"Dictionary Based Sentiment Analysis"

Benedict_von_AhBenedict_von_Ah MemberPosts:8Contributor II
edited June 2019 inHelp

Hey guys,

i'm currently working on a dictionary based sentiment analysis from the Operator Toolbox. Everything works out fine so far, but in the end i cannot add a date as an attribute to my output. The model only allows "Text", "Score", "Positivity", "Negativity" and "uncovered token".
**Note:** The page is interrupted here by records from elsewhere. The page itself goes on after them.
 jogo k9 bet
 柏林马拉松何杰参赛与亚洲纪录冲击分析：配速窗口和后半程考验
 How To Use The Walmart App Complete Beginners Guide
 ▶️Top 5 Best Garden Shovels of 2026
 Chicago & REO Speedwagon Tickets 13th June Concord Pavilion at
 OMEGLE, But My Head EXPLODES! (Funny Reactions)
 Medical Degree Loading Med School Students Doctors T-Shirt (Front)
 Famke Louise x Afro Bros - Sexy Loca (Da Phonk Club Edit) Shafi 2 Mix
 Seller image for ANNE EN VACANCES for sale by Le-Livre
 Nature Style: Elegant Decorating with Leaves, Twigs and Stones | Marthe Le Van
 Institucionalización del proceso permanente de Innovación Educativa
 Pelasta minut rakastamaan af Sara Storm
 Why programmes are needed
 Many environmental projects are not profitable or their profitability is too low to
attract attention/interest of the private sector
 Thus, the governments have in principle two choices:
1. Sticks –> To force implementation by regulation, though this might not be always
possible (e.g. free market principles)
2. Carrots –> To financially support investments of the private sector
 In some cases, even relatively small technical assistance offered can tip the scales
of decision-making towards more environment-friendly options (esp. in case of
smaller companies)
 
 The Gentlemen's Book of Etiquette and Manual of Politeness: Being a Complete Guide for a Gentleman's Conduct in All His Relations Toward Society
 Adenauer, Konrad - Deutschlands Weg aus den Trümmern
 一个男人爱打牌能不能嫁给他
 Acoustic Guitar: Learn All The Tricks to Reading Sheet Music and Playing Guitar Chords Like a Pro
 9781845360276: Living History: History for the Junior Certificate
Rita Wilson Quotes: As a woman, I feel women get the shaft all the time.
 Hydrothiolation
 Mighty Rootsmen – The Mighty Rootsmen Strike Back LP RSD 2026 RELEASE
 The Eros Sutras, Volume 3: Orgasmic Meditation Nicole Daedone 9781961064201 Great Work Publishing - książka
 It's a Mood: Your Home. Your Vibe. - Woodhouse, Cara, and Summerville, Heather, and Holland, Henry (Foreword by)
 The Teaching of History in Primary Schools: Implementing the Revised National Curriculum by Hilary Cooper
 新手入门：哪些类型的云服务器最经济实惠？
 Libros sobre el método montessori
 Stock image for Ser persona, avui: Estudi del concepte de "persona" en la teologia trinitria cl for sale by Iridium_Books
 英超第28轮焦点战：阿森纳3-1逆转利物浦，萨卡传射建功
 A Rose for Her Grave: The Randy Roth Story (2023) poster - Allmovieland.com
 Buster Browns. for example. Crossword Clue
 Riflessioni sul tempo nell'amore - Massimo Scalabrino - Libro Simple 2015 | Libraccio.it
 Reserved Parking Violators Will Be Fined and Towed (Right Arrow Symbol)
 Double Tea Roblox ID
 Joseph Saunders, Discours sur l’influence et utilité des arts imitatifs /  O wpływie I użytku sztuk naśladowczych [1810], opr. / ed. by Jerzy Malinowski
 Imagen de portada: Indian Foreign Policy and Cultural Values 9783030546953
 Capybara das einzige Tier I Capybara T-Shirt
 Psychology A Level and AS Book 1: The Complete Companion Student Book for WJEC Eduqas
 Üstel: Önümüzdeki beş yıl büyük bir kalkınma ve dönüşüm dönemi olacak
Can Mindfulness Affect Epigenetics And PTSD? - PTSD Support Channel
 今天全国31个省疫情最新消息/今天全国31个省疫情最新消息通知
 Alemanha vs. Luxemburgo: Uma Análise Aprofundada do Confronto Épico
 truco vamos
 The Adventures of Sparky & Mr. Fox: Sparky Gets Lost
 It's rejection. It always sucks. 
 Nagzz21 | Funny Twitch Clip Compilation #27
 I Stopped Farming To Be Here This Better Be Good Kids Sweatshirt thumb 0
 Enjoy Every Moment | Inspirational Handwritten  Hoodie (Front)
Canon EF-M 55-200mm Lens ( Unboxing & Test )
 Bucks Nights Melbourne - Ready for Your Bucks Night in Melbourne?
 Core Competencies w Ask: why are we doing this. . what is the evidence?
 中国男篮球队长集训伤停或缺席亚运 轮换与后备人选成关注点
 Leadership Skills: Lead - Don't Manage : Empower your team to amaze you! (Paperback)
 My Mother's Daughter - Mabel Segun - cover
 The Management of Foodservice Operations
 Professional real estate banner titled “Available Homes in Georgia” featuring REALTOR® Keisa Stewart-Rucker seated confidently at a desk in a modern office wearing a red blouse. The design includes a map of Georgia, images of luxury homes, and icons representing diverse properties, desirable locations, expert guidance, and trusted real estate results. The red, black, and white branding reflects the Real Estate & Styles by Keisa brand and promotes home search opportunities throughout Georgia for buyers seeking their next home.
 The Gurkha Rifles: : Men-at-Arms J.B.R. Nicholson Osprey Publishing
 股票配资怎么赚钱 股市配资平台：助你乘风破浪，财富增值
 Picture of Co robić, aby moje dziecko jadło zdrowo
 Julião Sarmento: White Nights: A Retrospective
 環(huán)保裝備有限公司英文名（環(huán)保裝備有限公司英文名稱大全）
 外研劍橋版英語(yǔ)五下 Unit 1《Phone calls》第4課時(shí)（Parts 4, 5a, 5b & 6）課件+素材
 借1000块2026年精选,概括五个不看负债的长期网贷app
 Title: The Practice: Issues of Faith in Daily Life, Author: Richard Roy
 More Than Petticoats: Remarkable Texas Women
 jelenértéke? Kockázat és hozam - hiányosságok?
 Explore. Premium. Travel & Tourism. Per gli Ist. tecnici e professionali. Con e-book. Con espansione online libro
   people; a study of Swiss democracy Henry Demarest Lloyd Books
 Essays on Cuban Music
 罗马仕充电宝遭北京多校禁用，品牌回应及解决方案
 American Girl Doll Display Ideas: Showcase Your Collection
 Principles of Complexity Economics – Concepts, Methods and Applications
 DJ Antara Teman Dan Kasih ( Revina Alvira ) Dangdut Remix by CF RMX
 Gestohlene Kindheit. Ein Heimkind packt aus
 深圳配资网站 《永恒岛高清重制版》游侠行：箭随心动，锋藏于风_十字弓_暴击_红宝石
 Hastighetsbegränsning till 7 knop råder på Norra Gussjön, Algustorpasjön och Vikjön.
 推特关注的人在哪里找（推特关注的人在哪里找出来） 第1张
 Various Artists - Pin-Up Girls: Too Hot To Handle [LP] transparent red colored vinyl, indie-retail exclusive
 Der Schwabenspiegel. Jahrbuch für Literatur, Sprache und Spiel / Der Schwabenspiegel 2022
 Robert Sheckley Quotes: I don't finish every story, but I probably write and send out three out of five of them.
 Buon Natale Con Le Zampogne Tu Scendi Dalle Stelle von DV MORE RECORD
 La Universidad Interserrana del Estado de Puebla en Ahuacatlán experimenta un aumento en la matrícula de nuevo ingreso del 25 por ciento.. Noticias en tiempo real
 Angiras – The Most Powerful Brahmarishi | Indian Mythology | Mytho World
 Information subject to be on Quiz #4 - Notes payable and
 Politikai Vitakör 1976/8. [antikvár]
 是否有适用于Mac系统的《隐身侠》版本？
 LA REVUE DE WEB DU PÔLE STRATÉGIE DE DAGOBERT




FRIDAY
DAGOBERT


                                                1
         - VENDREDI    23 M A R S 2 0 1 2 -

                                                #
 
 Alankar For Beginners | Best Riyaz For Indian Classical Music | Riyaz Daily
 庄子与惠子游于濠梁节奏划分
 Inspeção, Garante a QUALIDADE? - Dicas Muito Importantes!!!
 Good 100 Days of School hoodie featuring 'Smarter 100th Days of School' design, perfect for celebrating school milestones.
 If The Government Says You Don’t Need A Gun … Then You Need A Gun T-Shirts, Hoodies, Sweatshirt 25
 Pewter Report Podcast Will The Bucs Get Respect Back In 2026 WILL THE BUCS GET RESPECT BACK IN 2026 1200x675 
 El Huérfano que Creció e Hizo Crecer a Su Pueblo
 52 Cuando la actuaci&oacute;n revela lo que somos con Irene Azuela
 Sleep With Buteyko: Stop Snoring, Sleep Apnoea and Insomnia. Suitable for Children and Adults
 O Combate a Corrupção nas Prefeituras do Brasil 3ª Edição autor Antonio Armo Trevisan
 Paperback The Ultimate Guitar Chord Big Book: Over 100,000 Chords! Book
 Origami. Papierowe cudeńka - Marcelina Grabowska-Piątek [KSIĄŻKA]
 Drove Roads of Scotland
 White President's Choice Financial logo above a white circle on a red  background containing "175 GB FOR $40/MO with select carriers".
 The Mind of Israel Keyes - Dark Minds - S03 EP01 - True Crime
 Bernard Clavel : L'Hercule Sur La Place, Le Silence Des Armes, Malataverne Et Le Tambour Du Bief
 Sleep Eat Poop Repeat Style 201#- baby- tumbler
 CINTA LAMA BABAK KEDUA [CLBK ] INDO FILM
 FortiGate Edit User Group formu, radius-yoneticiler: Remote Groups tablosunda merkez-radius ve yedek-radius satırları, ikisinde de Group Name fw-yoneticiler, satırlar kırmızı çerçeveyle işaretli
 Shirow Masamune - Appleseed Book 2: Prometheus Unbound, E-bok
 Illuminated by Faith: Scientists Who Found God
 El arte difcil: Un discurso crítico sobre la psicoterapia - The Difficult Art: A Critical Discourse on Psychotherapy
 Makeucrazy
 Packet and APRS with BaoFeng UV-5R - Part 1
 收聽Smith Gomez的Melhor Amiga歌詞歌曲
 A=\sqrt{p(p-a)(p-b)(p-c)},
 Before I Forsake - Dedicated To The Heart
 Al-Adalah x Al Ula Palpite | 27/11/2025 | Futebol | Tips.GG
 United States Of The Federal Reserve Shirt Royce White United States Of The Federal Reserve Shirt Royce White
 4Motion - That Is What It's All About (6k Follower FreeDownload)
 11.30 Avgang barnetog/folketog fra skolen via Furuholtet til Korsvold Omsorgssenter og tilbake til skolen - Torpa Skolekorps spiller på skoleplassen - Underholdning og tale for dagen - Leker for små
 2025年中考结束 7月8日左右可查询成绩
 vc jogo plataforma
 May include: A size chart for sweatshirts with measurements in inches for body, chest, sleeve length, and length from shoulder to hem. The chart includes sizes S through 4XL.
Is there a way to add the date from my dataset? So i want the output "Date", "Text", "Score",...

Best Answer

  • MartinLiebigMartinLiebig Administrator, Moderator, Employee, RapidMiner Certified Analyst, RapidMiner Certified Expert, University ProfessorPosts:3,438RM Data Scientist
    Solution Accepted

    Hi,

    i've sent you a version of the new operator via mail. I will add it to the marketplace toolbox if this is what you need.

    Cheers,

    Martin

    - Sr. Director Data Solutions, Altair RapidMiner -
    Dortmund, Germany
    sgenzer

Answers

  • Benedict_von_AhBenedict_von_Ah MemberPosts:8Contributor II

    Here is my process:






























































































































































    <参数键= Value =“值属性权重"/>

















































































































































  • Thomas_OttThomas_Ott RapidMiner Certified Analyst, RapidMiner Certified Expert, MemberPosts:1,761Unicorn

    Your XML process is corrupted. Please open the XML view and copy the XML from there.

    sgenzer
  • Benedict_von_AhBenedict_von_Ah MemberPosts:8Contributor II

    how do i get to the xml view?

  • Benedict_von_AhBenedict_von_Ah MemberPosts:8Contributor II






























































































    <参数键= Value =“值属性权重"/>



















































































    <连接from_op = from_port = " outp“循环收集”ut 1" to_op="Apply Dictionary Based Sentiment" to_port="doc"/>
    <连接from_op = "应用基于字典的情绪" from_port="res" to_op="Write CSV" to_port="input"/>
    <连接from_op = "应用基于字典的情绪" from_port="doc" to_op="Process Documents" to_port="documents 1"/>









  • Thomas_OttThomas_Ott RapidMiner Certified Analyst, RapidMiner Certified Expert, MemberPosts:1,761Unicorn
  • Benedict_von_AhBenedict_von_Ah MemberPosts:8Contributor II

    yea, thanks

    my code is just above your comment

  • Thomas_OttThomas_Ott RapidMiner Certified Analyst, RapidMiner Certified Expert, MemberPosts:1,761Unicorn

    Have you tried using a Set Role to set your Date value as an ID role in the first subprocess? That should flow through the process

  • Benedict_von_AhBenedict_von_Ah MemberPosts:8Contributor II

    hey thanks, i fixed the date problem with excel but got to a new problem.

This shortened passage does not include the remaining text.